Omit every picture and return the rest of the data unaltered.
───── Input data
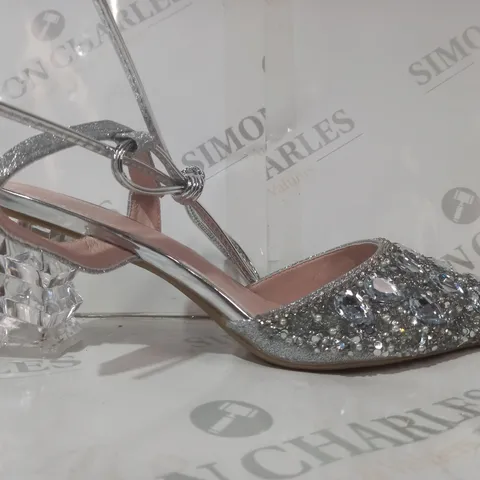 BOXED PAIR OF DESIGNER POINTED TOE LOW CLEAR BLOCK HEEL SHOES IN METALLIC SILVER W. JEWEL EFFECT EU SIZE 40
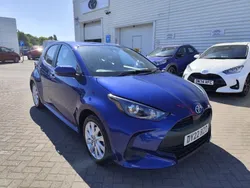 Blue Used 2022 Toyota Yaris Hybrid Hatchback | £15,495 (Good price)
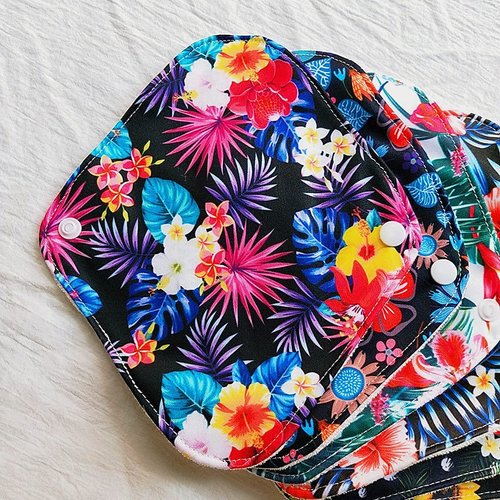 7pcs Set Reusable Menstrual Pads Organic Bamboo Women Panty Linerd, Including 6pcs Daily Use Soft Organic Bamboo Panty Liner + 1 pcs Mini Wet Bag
──────────
§ Solution to the problem:
 BOXED PAIR OF DESIGNER POINTED TOE LOW CLEAR BLOCK HEEL SHOES IN METALLIC SILVER W. JEWEL EFFECT EU SIZE 40
 Blue Used 2022 Toyota Yaris Hybrid Hatchback | £15,495 (Good price)
 7pcs Set Reusable Menstrual Pads Organic Bamboo Women Panty Linerd, Including 6pcs Daily Use Soft Organic Bamboo Panty Liner + 1 pcs Mini Wet Bag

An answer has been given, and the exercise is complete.